Booming Commercial Real Estate Market Creates Demand For Cranes
Demand for cranes is soaring and the lack of them is slowing down commercial construction in parts of the country. With all the focus on the residential slowdown we sometimes fail to see how busy commercial construction has been.
The commercial market is up 14 percent in the first 3 months of 2007 as compared to last year. That is a huge number. We get so focused on the slowdown on residential real estate since most of the people here make their living in that sphere that we forget about the other half.
So when those that expected a huge domino effect to happen when the residential market slowed down, a spiraling effect of housing losses and great damage to the economy, are still going to be waiting. The economy is continuing to chug along and those that work in the real estate sector have just transposed their skills to the commercial building side.
The only group that is being seriously affected are those homeowners with bad loans (which is a self inflicted wound), real estate agents, and mortgage brokers. The latter two categories needed a culling and if I had to place a bet, the better agents are still making a pretty good living waiting out the slowdown.
But if you say that real estate as a whole is falling apart, you are sadly mistaken.
Booming commercial construction, an aging work force and tighter certification requirements are pushing demand for cranes and their operators nationwide.”Every marketplace that we’re in right now is saturated,” said Sam Latona, preconstruction manager with Turner Construction, a Dallas-based company with offices across the country. “All the contractors are basically at 100 percent capacity and exceeding it.”

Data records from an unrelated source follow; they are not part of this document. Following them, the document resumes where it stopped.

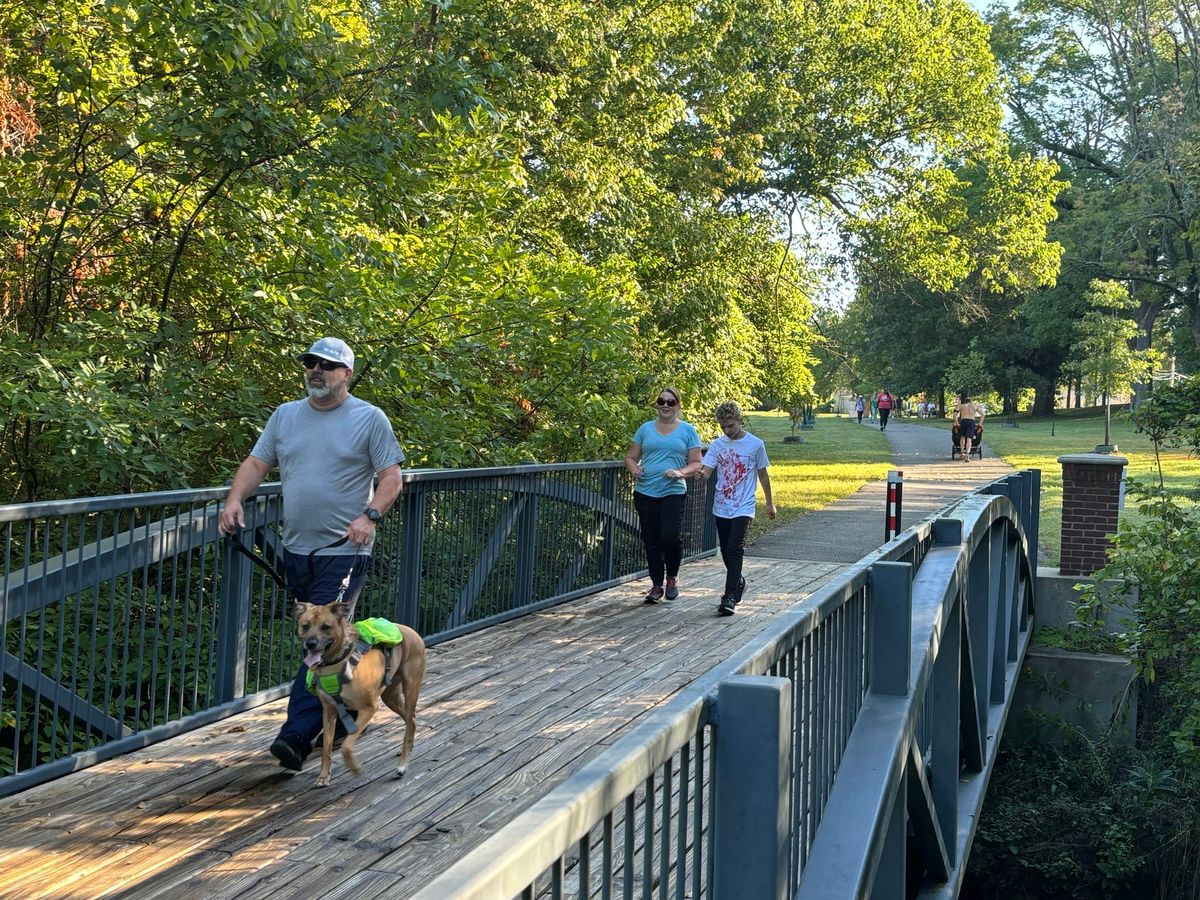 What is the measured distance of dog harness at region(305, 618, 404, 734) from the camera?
15.8ft

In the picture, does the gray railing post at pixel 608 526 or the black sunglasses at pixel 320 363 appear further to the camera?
the gray railing post at pixel 608 526

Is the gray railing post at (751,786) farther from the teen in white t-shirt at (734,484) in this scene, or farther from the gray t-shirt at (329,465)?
the teen in white t-shirt at (734,484)

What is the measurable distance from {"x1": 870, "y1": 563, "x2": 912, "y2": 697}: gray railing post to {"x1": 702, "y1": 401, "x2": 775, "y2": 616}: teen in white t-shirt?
18.9 ft

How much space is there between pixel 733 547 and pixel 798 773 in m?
6.94

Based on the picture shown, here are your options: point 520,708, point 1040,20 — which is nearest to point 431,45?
point 520,708

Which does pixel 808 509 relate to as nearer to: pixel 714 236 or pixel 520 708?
pixel 714 236

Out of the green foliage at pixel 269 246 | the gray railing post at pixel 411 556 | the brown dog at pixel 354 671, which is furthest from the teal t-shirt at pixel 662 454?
the brown dog at pixel 354 671

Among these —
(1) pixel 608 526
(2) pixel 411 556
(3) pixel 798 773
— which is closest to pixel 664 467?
(1) pixel 608 526

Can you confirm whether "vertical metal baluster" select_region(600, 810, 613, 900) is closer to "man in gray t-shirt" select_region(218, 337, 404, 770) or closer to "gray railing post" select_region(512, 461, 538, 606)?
"man in gray t-shirt" select_region(218, 337, 404, 770)

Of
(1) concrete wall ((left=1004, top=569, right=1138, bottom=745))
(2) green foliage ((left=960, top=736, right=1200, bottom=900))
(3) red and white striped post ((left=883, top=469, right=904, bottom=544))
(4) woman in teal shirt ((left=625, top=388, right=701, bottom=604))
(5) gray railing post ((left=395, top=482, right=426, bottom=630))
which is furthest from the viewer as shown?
(1) concrete wall ((left=1004, top=569, right=1138, bottom=745))

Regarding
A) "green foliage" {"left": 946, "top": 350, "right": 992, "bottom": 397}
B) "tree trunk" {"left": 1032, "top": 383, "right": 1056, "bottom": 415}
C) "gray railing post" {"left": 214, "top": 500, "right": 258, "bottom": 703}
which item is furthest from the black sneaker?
"tree trunk" {"left": 1032, "top": 383, "right": 1056, "bottom": 415}

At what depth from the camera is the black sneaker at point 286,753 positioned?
16.5 feet

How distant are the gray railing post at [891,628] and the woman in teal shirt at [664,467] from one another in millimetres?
6032

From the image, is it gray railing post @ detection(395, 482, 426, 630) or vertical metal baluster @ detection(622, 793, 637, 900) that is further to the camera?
gray railing post @ detection(395, 482, 426, 630) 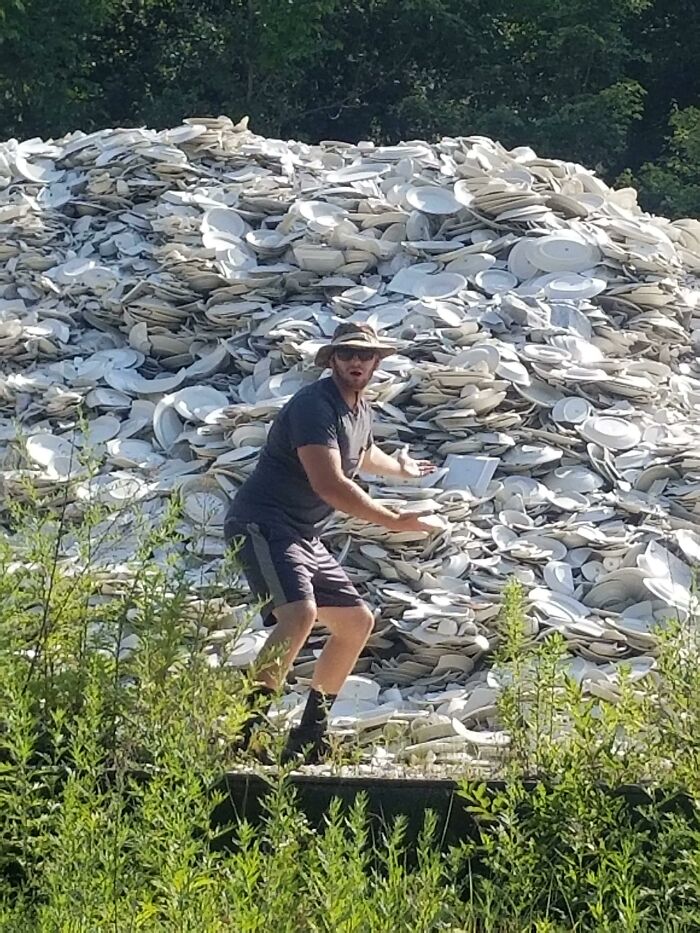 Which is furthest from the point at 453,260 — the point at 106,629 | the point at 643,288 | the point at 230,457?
the point at 106,629

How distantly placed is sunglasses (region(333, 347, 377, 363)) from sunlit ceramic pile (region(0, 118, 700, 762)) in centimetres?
89

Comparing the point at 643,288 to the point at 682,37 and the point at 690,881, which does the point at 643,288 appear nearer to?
A: the point at 690,881

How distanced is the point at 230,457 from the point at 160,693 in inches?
94.7

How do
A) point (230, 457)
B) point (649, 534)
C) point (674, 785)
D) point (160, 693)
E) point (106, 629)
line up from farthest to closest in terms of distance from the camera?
1. point (230, 457)
2. point (649, 534)
3. point (106, 629)
4. point (160, 693)
5. point (674, 785)

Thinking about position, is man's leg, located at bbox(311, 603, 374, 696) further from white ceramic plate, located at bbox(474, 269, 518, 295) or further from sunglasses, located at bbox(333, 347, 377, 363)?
white ceramic plate, located at bbox(474, 269, 518, 295)

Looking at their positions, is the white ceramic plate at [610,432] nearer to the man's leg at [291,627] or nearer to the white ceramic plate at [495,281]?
the white ceramic plate at [495,281]

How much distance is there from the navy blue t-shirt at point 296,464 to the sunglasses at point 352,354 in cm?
9

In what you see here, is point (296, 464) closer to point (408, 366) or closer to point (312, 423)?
point (312, 423)

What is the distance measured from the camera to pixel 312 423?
13.6 ft

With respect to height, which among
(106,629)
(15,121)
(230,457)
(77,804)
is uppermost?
(77,804)

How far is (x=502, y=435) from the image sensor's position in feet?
19.8

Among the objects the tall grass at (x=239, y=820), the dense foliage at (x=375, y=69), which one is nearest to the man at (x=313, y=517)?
the tall grass at (x=239, y=820)

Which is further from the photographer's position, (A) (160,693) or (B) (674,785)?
(A) (160,693)

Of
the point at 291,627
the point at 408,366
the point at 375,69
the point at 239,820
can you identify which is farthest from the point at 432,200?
the point at 375,69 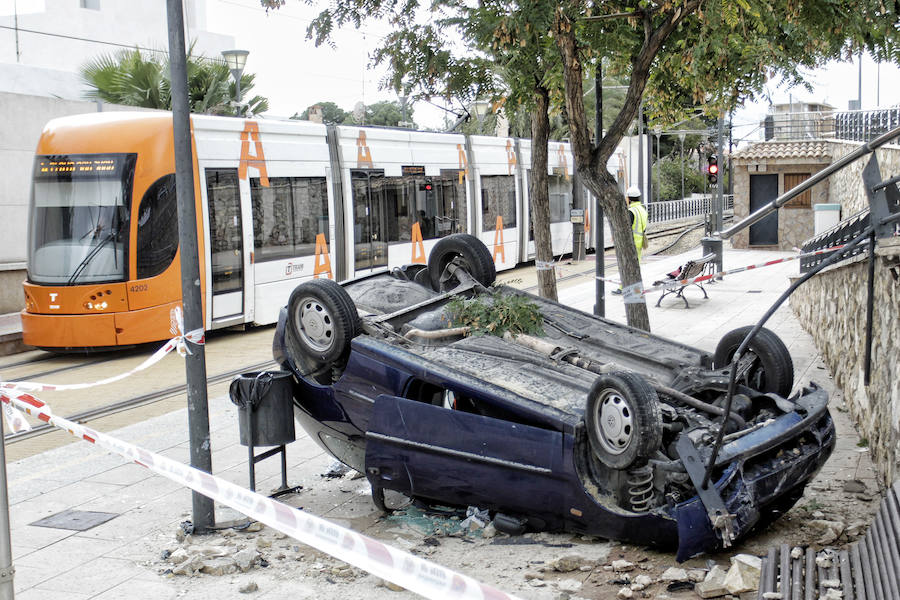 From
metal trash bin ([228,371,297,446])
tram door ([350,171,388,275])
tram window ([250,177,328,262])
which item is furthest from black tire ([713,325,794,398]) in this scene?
tram door ([350,171,388,275])

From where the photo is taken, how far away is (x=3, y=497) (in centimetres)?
426

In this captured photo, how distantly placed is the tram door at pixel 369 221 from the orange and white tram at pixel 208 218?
25 mm

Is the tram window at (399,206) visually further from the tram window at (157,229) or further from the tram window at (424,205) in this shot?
the tram window at (157,229)

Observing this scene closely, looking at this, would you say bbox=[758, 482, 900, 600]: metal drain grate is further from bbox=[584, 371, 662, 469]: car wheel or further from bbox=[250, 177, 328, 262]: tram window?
bbox=[250, 177, 328, 262]: tram window

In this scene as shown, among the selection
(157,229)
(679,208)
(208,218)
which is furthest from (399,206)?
(679,208)

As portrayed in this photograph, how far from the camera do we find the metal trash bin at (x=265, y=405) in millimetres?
6637

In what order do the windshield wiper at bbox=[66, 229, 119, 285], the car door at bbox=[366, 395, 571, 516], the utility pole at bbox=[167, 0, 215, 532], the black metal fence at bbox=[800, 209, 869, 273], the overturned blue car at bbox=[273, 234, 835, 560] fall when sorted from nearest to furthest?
the overturned blue car at bbox=[273, 234, 835, 560]
the car door at bbox=[366, 395, 571, 516]
the utility pole at bbox=[167, 0, 215, 532]
the black metal fence at bbox=[800, 209, 869, 273]
the windshield wiper at bbox=[66, 229, 119, 285]

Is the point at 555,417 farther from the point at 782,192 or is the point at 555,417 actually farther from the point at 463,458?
the point at 782,192

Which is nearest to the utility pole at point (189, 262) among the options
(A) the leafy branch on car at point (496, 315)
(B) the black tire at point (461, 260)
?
(A) the leafy branch on car at point (496, 315)

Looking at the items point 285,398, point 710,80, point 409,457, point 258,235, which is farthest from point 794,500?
point 258,235

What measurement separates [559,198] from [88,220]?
1594 centimetres

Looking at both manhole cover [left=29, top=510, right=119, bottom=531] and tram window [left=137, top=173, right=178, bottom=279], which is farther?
tram window [left=137, top=173, right=178, bottom=279]

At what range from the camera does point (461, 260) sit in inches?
315

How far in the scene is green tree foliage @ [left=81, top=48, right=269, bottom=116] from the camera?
22609 millimetres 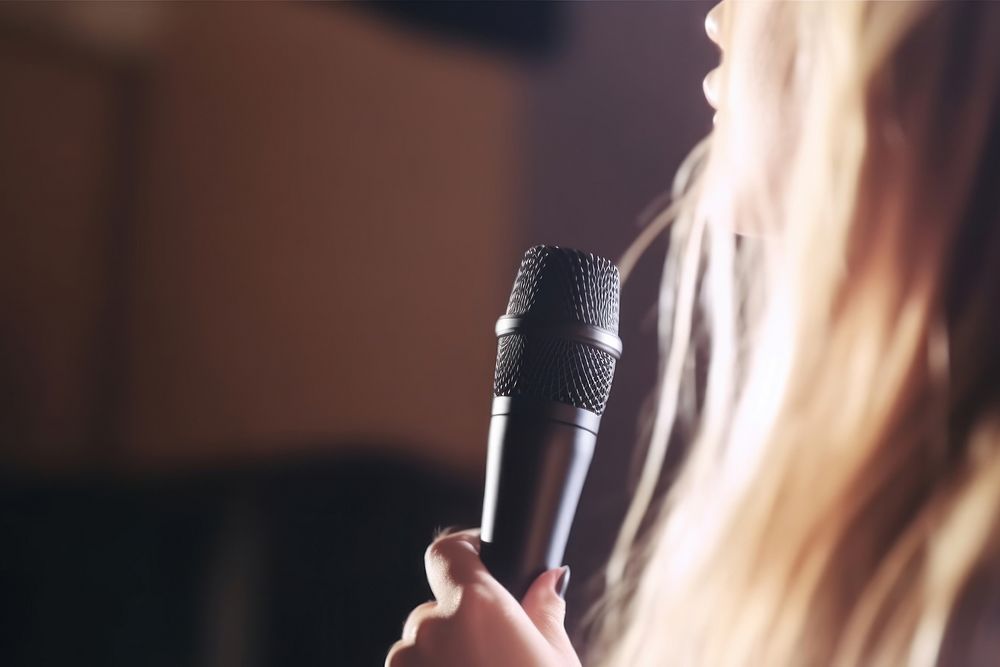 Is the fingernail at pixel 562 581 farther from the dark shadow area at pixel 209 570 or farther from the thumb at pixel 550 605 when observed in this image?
the dark shadow area at pixel 209 570

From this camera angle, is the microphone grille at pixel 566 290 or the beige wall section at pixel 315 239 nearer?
the microphone grille at pixel 566 290

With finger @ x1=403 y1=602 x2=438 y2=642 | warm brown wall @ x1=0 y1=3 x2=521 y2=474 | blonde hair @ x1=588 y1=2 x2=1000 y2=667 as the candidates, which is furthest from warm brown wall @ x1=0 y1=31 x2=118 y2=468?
blonde hair @ x1=588 y1=2 x2=1000 y2=667

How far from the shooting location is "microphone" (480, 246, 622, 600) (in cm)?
69

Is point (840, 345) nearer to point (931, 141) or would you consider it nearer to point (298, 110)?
point (931, 141)

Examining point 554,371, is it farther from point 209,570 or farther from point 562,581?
point 209,570

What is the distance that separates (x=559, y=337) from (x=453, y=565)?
0.19 meters

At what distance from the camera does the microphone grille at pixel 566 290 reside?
0.71 metres

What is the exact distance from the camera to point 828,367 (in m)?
0.85

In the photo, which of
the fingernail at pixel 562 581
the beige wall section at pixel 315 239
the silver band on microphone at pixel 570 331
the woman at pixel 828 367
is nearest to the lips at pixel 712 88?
the woman at pixel 828 367

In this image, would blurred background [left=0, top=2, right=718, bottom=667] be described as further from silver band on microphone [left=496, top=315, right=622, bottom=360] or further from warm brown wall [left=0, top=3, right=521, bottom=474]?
silver band on microphone [left=496, top=315, right=622, bottom=360]

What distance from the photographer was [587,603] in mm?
828

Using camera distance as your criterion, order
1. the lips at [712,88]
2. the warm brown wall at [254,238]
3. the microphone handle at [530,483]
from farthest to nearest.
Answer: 1. the lips at [712,88]
2. the warm brown wall at [254,238]
3. the microphone handle at [530,483]

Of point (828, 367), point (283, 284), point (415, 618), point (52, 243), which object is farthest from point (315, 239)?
point (828, 367)

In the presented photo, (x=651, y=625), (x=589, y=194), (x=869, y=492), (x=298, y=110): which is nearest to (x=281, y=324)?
(x=298, y=110) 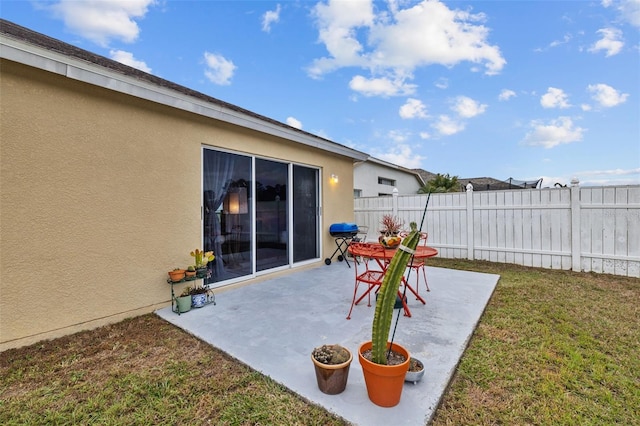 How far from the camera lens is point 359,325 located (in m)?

Commercial building is hot in Texas, Florida, California, New York and other parts of the West Coast, Midwest and Northeast, industry officials say. Spending on nonresidential construction was up nearly 14 percent during the first three months of 2007 from last year, according to the U.S. Census Bureau.Ken Simonson, chief economist with The Associated General Contractors of America, said much of that spending involves crane projects, such as multistory hotels and offices. via My Way Finance



Comment by jonathan h on 29 May 2007:
dubai supposedly has more cranes working construction than the rest of the world combined – so There’s apparently where the lack of cranes is coming from.
Comment by James Briere on 29 May 2007:
This is the law of supply and demand. I have noticed an increase in commerical property over the last 10 years are so in the California area.
Comment by ekday on 29 May 2007:
I have to agree with everything you said. As James has notice a greater demand for commercial properties in California, so have I here in Florida (Orlando Area).